> _Problem details_
Starting from the first line, transcribe the whole listing exactly.

> _Supplied information_
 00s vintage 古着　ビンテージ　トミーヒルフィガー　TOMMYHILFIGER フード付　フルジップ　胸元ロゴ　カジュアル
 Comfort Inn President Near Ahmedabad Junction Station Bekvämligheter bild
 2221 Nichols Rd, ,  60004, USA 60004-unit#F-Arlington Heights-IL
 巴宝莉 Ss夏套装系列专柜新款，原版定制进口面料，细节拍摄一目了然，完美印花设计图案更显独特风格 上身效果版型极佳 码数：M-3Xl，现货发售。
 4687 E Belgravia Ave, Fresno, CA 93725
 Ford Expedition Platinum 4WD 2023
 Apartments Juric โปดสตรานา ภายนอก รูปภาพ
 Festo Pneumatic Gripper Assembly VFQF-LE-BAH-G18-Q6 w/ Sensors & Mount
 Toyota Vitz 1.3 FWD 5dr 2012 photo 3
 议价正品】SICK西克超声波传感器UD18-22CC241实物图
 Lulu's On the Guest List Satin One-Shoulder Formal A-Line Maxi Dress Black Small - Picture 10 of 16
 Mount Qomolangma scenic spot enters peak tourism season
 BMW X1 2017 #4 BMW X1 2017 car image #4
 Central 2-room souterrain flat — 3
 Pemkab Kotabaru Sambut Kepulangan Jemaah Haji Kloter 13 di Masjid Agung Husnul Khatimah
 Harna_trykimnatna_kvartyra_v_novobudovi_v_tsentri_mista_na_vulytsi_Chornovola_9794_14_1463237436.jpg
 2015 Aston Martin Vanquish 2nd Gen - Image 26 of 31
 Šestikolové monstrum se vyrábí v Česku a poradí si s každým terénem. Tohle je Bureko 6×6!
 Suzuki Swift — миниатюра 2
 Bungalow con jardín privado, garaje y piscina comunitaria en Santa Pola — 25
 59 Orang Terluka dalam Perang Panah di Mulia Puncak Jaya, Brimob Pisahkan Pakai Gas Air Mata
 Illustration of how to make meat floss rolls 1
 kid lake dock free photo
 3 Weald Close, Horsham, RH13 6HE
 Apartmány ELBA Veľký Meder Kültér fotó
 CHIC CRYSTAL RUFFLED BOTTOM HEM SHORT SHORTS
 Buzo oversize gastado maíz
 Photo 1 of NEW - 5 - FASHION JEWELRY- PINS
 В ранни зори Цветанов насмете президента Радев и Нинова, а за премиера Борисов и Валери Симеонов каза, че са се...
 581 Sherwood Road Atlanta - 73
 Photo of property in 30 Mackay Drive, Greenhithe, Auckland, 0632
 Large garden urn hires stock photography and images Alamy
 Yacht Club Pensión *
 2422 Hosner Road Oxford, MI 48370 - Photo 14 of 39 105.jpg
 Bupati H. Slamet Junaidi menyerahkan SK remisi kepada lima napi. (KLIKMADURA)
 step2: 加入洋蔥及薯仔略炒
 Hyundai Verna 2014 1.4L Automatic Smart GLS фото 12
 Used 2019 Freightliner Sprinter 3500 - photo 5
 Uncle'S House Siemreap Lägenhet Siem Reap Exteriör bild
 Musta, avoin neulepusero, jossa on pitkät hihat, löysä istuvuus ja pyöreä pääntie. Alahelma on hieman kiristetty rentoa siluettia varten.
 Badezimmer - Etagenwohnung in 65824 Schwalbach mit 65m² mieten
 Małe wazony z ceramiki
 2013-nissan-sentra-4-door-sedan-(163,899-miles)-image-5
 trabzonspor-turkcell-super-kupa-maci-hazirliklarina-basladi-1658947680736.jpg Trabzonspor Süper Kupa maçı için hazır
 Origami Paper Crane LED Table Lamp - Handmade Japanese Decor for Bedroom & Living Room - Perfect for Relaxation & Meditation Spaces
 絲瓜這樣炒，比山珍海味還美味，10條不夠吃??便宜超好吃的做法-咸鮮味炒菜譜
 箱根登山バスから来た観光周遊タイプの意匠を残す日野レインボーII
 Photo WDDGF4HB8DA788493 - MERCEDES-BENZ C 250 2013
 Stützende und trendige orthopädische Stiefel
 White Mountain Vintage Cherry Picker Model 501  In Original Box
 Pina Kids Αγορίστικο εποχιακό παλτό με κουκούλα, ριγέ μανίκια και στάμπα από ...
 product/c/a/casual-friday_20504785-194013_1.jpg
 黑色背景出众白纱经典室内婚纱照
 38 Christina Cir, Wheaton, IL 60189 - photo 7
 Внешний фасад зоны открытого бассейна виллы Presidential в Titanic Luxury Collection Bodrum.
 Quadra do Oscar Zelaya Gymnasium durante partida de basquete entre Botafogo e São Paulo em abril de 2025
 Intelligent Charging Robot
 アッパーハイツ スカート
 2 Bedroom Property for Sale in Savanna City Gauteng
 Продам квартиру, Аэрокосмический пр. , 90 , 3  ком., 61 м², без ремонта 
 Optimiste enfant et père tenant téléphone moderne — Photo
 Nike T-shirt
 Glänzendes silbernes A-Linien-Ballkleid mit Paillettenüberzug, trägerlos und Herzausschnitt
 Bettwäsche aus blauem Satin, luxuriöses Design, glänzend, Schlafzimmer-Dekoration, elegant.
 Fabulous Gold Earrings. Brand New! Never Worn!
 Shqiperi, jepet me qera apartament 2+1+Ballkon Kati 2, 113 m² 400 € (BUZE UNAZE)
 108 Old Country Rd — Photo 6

> _Response_
 00s vintage 古着　ビンテージ　トミーヒルフィガー　TOMMYHILFIGER フード付　フルジップ　胸元ロゴ　カジュアル
 Comfort Inn President Near Ahmedabad Junction Station Bekvämligheter bild
 2221 Nichols Rd, ,  60004, USA 60004-unit#F-Arlington Heights-IL
 巴宝莉 Ss夏套装系列专柜新款，原版定制进口面料，细节拍摄一目了然，完美印花设计图案更显独特风格 上身效果版型极佳 码数：M-3Xl，现货发售。
 4687 E Belgravia Ave, Fresno, CA 93725
 Ford Expedition Platinum 4WD 2023
 Apartments Juric โปดสตรานา ภายนอก รูปภาพ
 Festo Pneumatic Gripper Assembly VFQF-LE-BAH-G18-Q6 w/ Sensors & Mount
 Toyota Vitz 1.3 FWD 5dr 2012 photo 3
 议价正品】SICK西克超声波传感器UD18-22CC241实物图
 Lulu's On the Guest List Satin One-Shoulder Formal A-Line Maxi Dress Black Small - Picture 10 of 16
 Mount Qomolangma scenic spot enters peak tourism season
 BMW X1 2017 #4 BMW X1 2017 car image #4
 Central 2-room souterrain flat — 3
 Pemkab Kotabaru Sambut Kepulangan Jemaah Haji Kloter 13 di Masjid Agung Husnul Khatimah
 Harna_trykimnatna_kvartyra_v_novobudovi_v_tsentri_mista_na_vulytsi_Chornovola_9794_14_1463237436.jpg
 2015 Aston Martin Vanquish 2nd Gen - Image 26 of 31
 Šestikolové monstrum se vyrábí v Česku a poradí si s každým terénem. Tohle je Bureko 6×6!
 Suzuki Swift — миниатюра 2
 Bungalow con jardín privado, garaje y piscina comunitaria en Santa Pola — 25
 59 Orang Terluka dalam Perang Panah di Mulia Puncak Jaya, Brimob Pisahkan Pakai Gas Air Mata
 Illustration of how to make meat floss rolls 1
 kid lake dock free photo
 3 Weald Close, Horsham, RH13 6HE
 Apartmány ELBA Veľký Meder Kültér fotó
 CHIC CRYSTAL RUFFLED BOTTOM HEM SHORT SHORTS
 Buzo oversize gastado maíz
 Photo 1 of NEW - 5 - FASHION JEWELRY- PINS
 В ранни зори Цветанов насмете президента Радев и Нинова, а за премиера Борисов и Валери Симеонов каза, че са се...
 581 Sherwood Road Atlanta - 73
 Photo of property in 30 Mackay Drive, Greenhithe, Auckland, 0632
 Large garden urn hires stock photography and images Alamy
 Yacht Club Pensión *
 2422 Hosner Road Oxford, MI 48370 - Photo 14 of 39 105.jpg
 Bupati H. Slamet Junaidi menyerahkan SK remisi kepada lima napi. (KLIKMADURA)
 step2: 加入洋蔥及薯仔略炒
 Hyundai Verna 2014 1.4L Automatic Smart GLS фото 12
 Used 2019 Freightliner Sprinter 3500 - photo 5
 Uncle'S House Siemreap Lägenhet Siem Reap Exteriör bild
 Musta, avoin neulepusero, jossa on pitkät hihat, löysä istuvuus ja pyöreä pääntie. Alahelma on hieman kiristetty rentoa siluettia varten.
 Badezimmer - Etagenwohnung in 65824 Schwalbach mit 65m² mieten
 Małe wazony z ceramiki
 2013-nissan-sentra-4-door-sedan-(163,899-miles)-image-5
 trabzonspor-turkcell-super-kupa-maci-hazirliklarina-basladi-1658947680736.jpg Trabzonspor Süper Kupa maçı için hazır
 Origami Paper Crane LED Table Lamp - Handmade Japanese Decor for Bedroom & Living Room - Perfect for Relaxation & Meditation Spaces
 絲瓜這樣炒，比山珍海味還美味，10條不夠吃??便宜超好吃的做法-咸鮮味炒菜譜
 箱根登山バスから来た観光周遊タイプの意匠を残す日野レインボーII
 Photo WDDGF4HB8DA788493 - MERCEDES-BENZ C 250 2013
 Stützende und trendige orthopädische Stiefel
 White Mountain Vintage Cherry Picker Model 501  In Original Box
 Pina Kids Αγορίστικο εποχιακό παλτό με κουκούλα, ριγέ μανίκια και στάμπα από ...
 product/c/a/casual-friday_20504785-194013_1.jpg
 黑色背景出众白纱经典室内婚纱照
 38 Christina Cir, Wheaton, IL 60189 - photo 7
 Внешний фасад зоны открытого бассейна виллы Presidential в Titanic Luxury Collection Bodrum.
 Quadra do Oscar Zelaya Gymnasium durante partida de basquete entre Botafogo e São Paulo em abril de 2025
 Intelligent Charging Robot
 アッパーハイツ スカート
 2 Bedroom Property for Sale in Savanna City Gauteng
 Продам квартиру, Аэрокосмический пр. , 90 , 3  ком., 61 м², без ремонта 
 Optimiste enfant et père tenant téléphone moderne — Photo
 Nike T-shirt
 Glänzendes silbernes A-Linien-Ballkleid mit Paillettenüberzug, trägerlos und Herzausschnitt
 Bettwäsche aus blauem Satin, luxuriöses Design, glänzend, Schlafzimmer-Dekoration, elegant.
 Fabulous Gold Earrings. Brand New! Never Worn!
 Shqiperi, jepet me qera apartament 2+1+Ballkon Kati 2, 113 m² 400 € (BUZE UNAZE)
 108 Old Country Rd — Photo 6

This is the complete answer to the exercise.